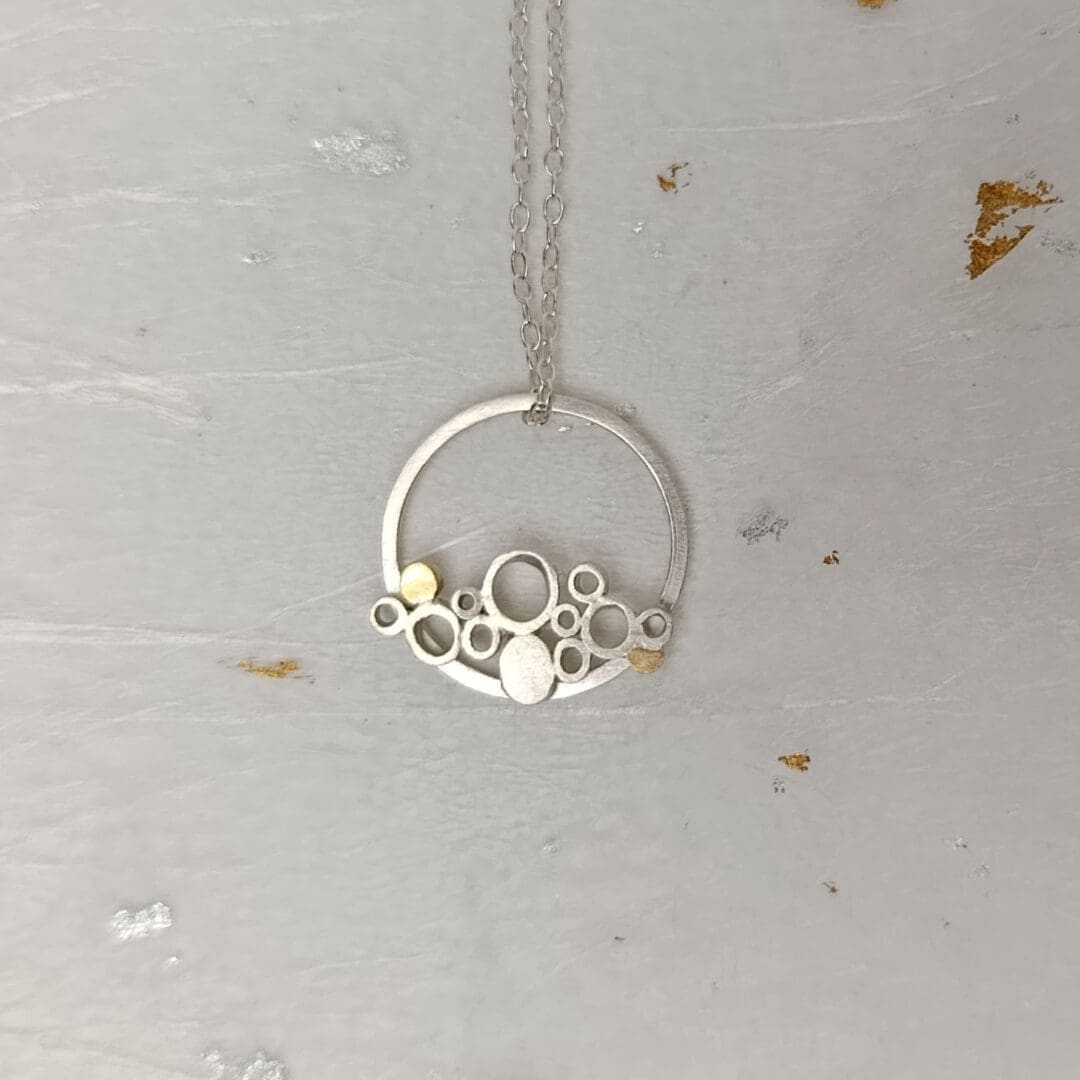 Sterling Silver Wire Circle Cluster Pendant - Image 3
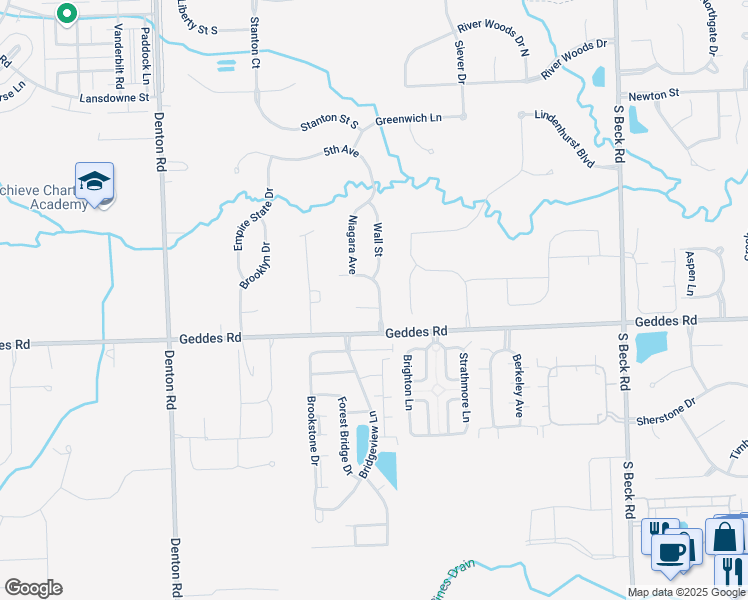 map of restaurants, bars, coffee shops, grocery stores, and more near 3639 Times Square Boulevard in Canton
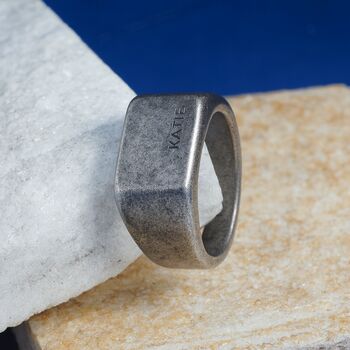 Personalise Rectangle Signet Ring, Black, Grey, 3 of 9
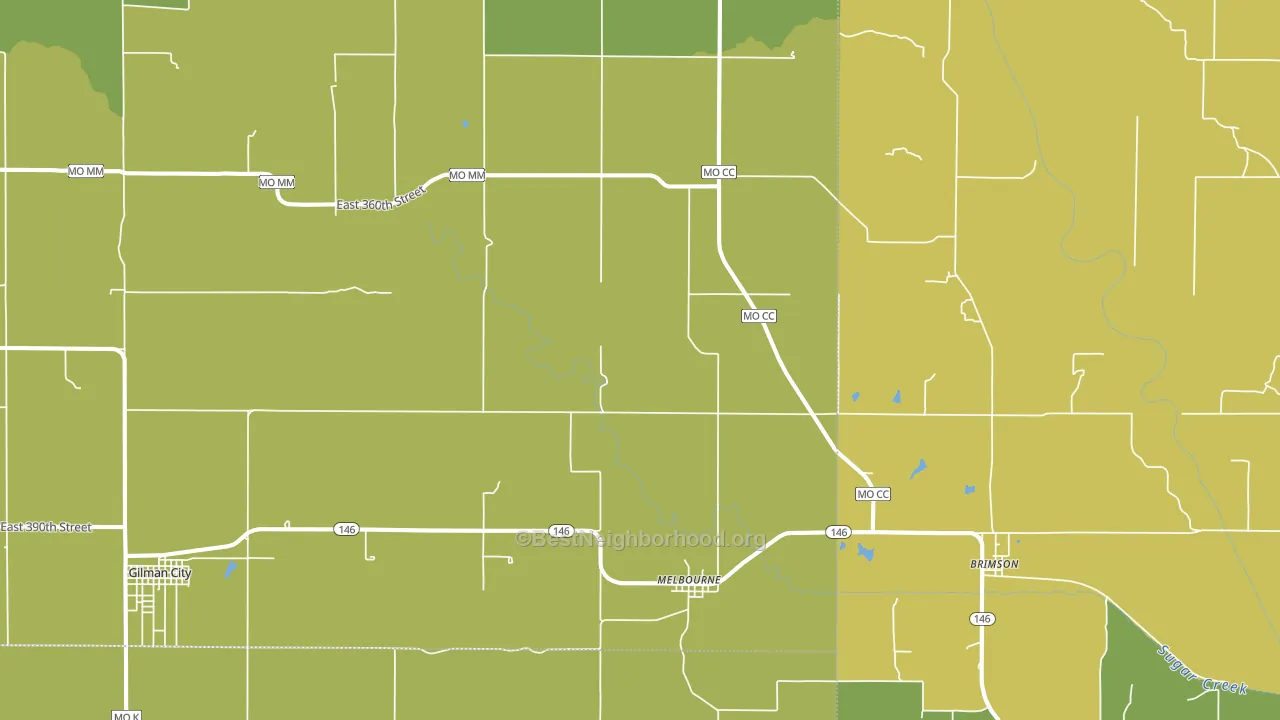 Melbourne, MO block-group voter-turnout map
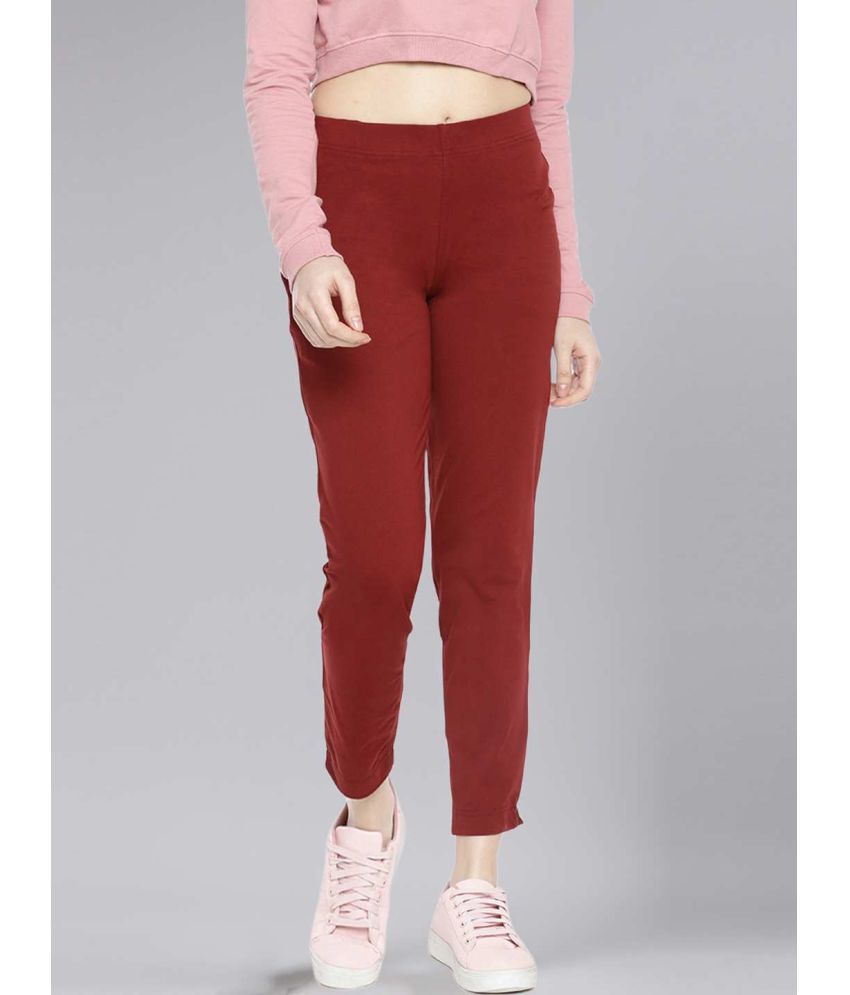     			Dollar Missy - Maroon Cotton Blend Women's Straight Pant ( Pack of 1 )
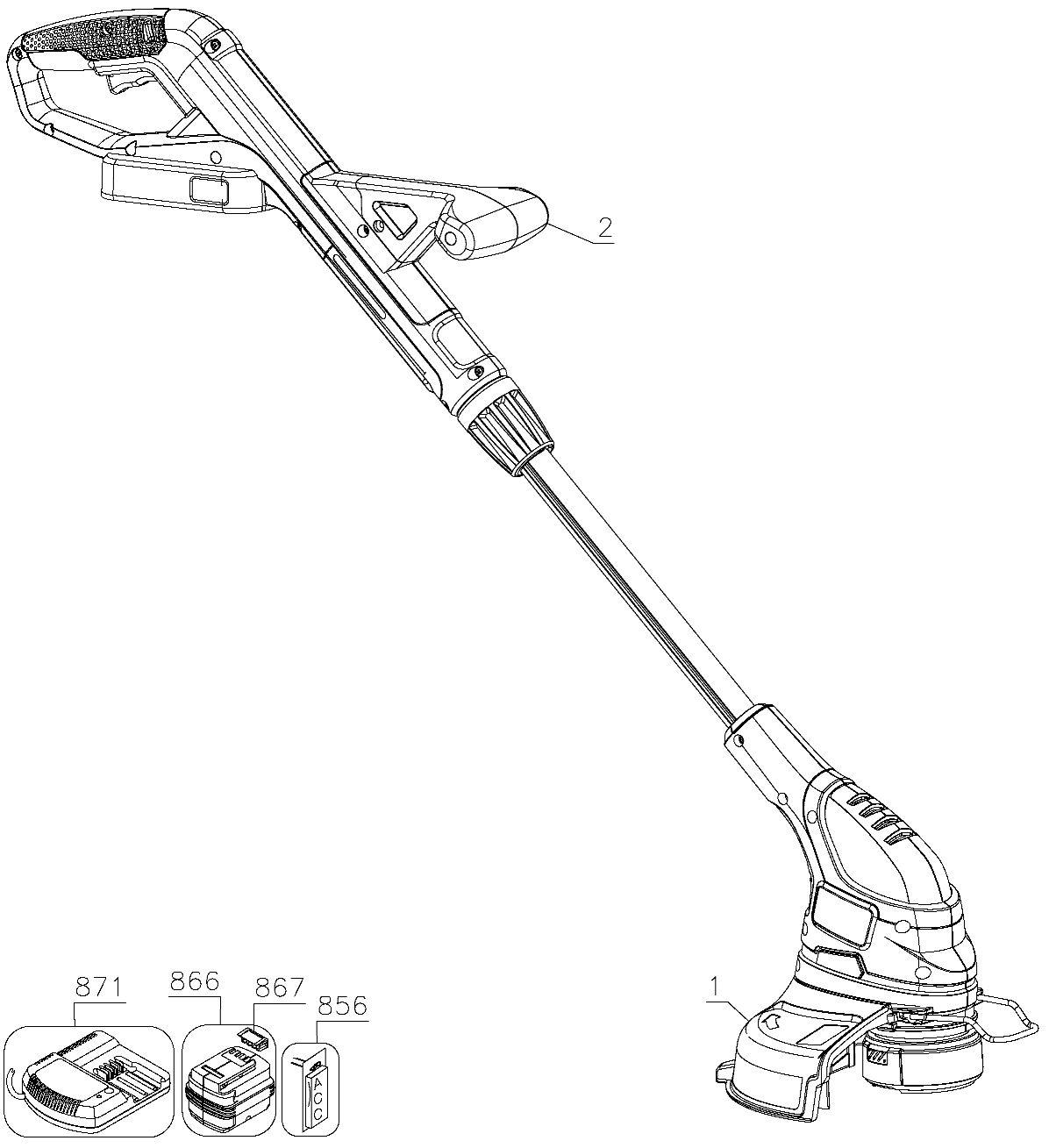Default Diagram and Parts List for NST2218 Type 1 Black and Decker Trimmer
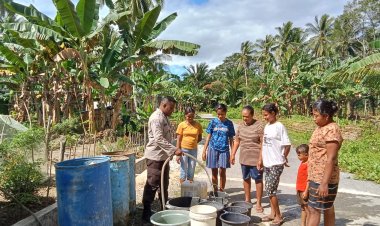Atasi Kesulitan Air Bersih Bripka Hendro Siapkan Sumur Bhayangkara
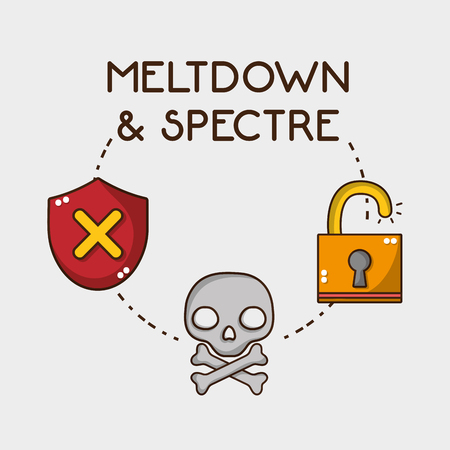 skull warning and securty digital padlock vector illustrationのイラスト素材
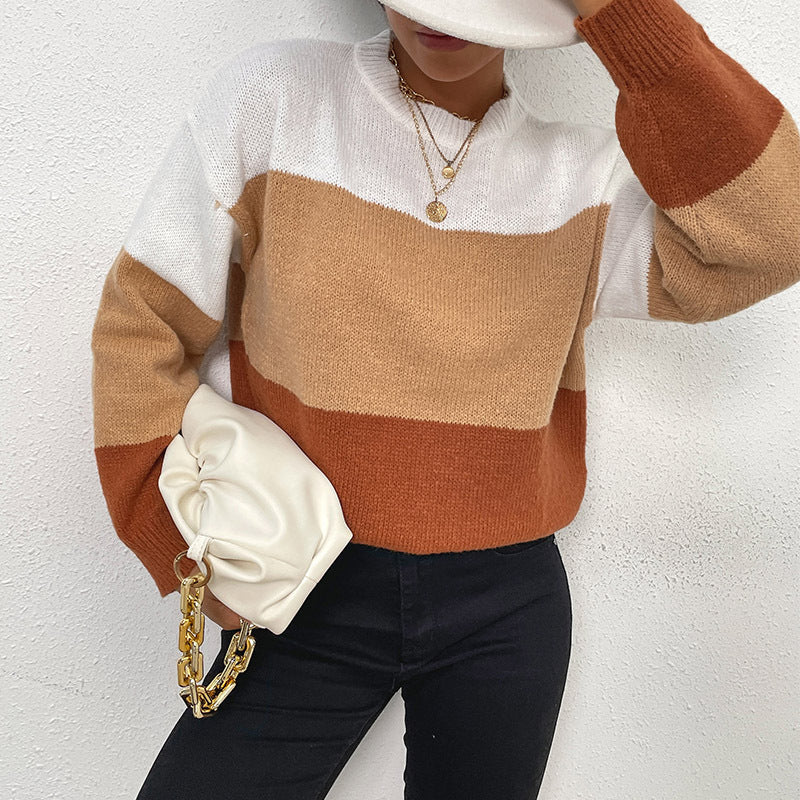 Damen Pullover Farbblockdesign Eveloria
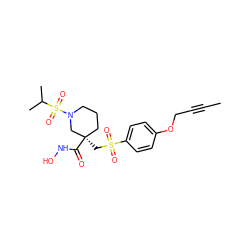 CC#CCOc1ccc(S(=O)(=O)C[C@@]2(C(=O)NO)CCCN(S(=O)(=O)C(C)C)C2)cc1 ZINC000028951501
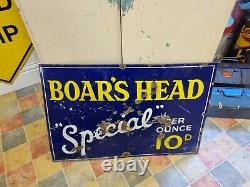 Superb MID Century Vintage Boars Head Special Enamel Tobacco Sign Rare Example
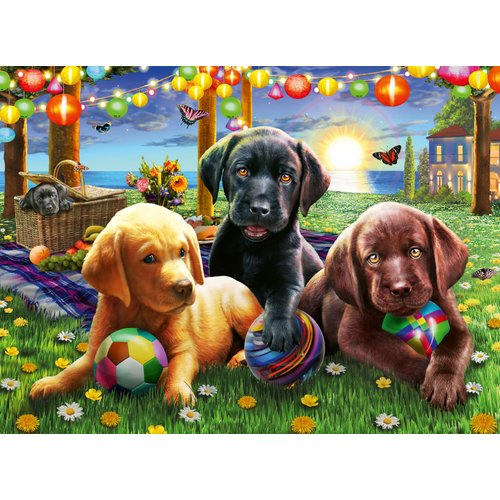 Ravensburger Puppy Picnic 100 Piece Puzzle for Kids - Unique Piece Design | Anti-Glare Surface | Perfect Developmental Toy | Ideal as a Christmas or Birthday Gift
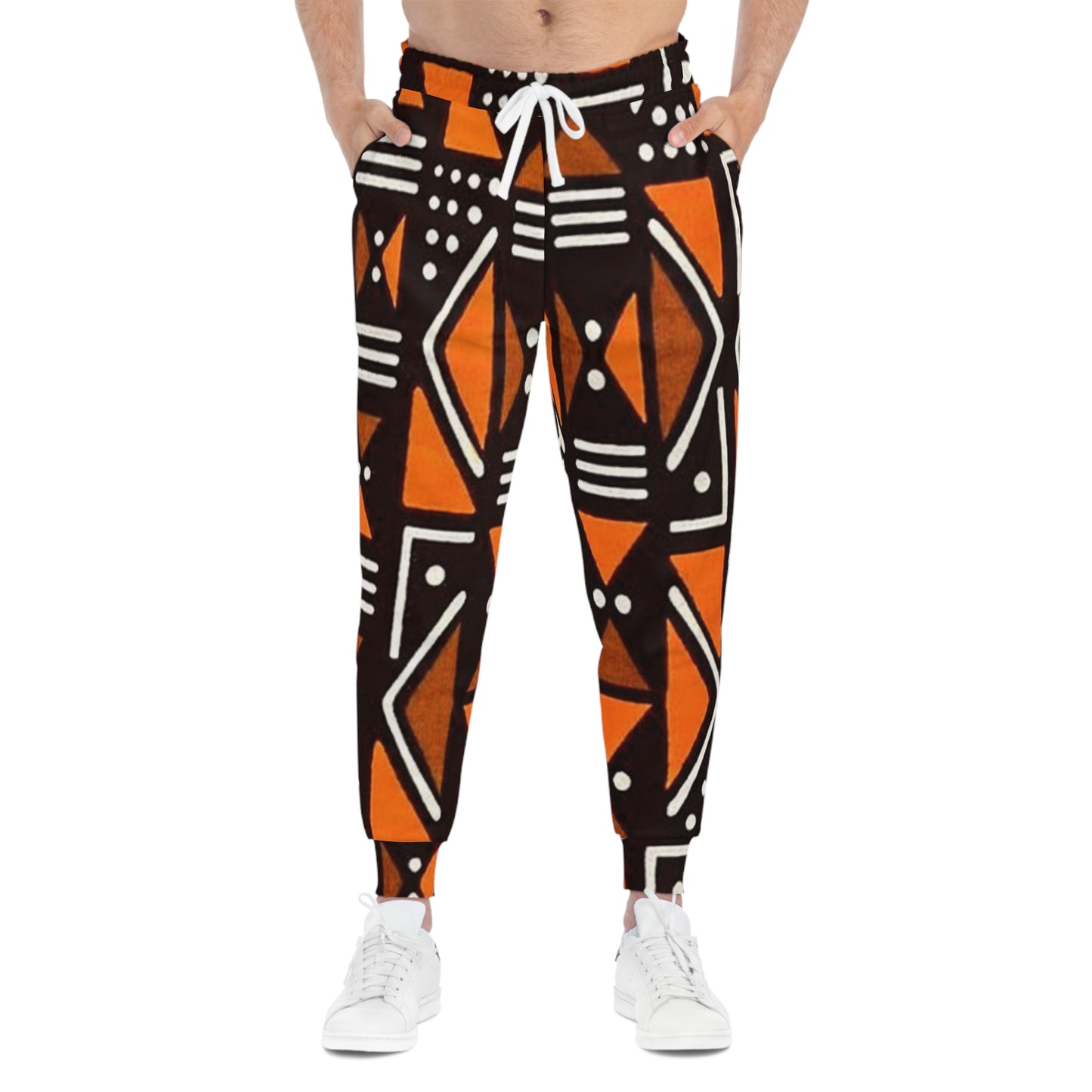 Geometric Orange & Black Athletic Joggers — Tribal Pattern AOP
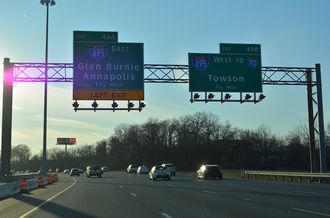 I-95 south 0.75 miles from I-695 at Arbutus, MD.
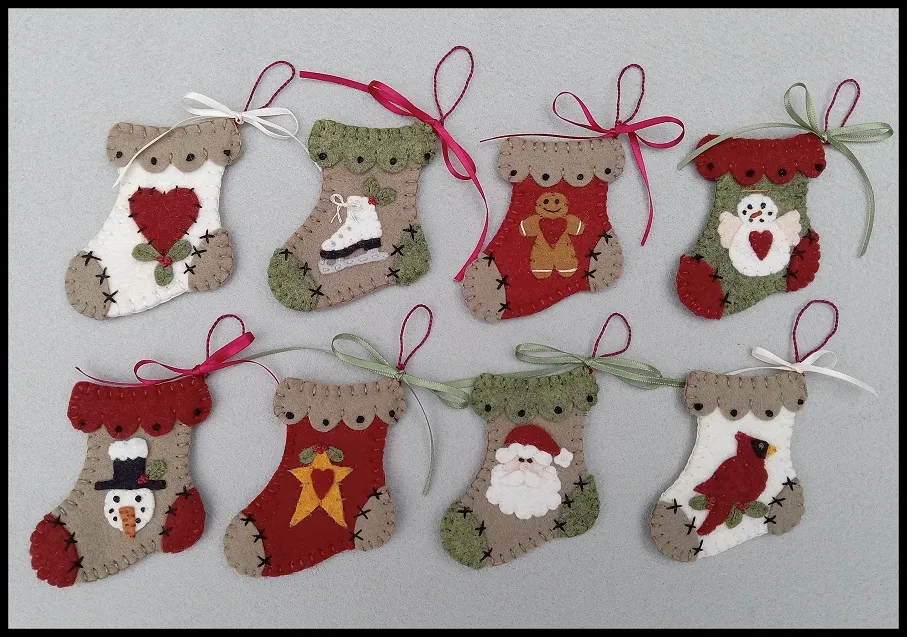 Pattern for Wool applique Christmas stocking Christmas ornaments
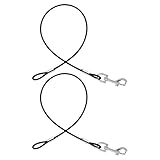 JJUNW 2 Stück Hausleine für Hunde, Hundeleine Chew Proof, Bissfeste Hundeleine Verlängerungsseil, Hundekette für Welpen Kleine Mittelgroße Große Hunde Joggen und Spazierengehen (67cm, Schwarz)
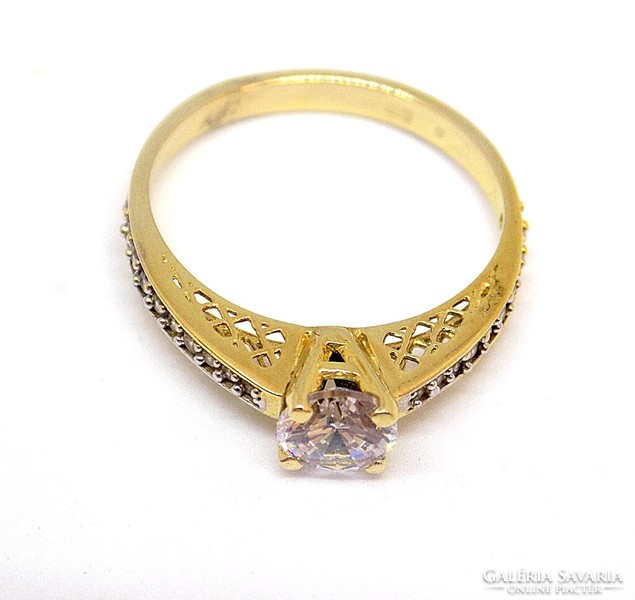 Gold solitaire ring with stones (zal-au109576)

|---|

▸ Task details: Take the material above from the line containing "Superb MID Century" up to and including the line containing "JJUNW 2 Stück" and retype it exactly, without any pictures.

▸ Written solution:
 Superb MID Century Vintage Boars Head Special Enamel Tobacco Sign Rare Example
 Ravensburger Puppy Picnic 100 Piece Puzzle for Kids - Unique Piece Design | Anti-Glare Surface | Perfect Developmental Toy | Ideal as a Christmas or Birthday Gift
 Geometric Orange & Black Athletic Joggers — Tribal Pattern AOP
 I-95 south 0.75 miles from I-695 at Arbutus, MD.
 Pattern for Wool applique Christmas stocking Christmas ornaments
 JJUNW 2 Stück Hausleine für Hunde, Hundeleine Chew Proof, Bissfeste Hundeleine Verlängerungsseil, Hundekette für Welpen Kleine Mittelgroße Große Hunde Joggen und Spazierengehen (67cm, Schwarz)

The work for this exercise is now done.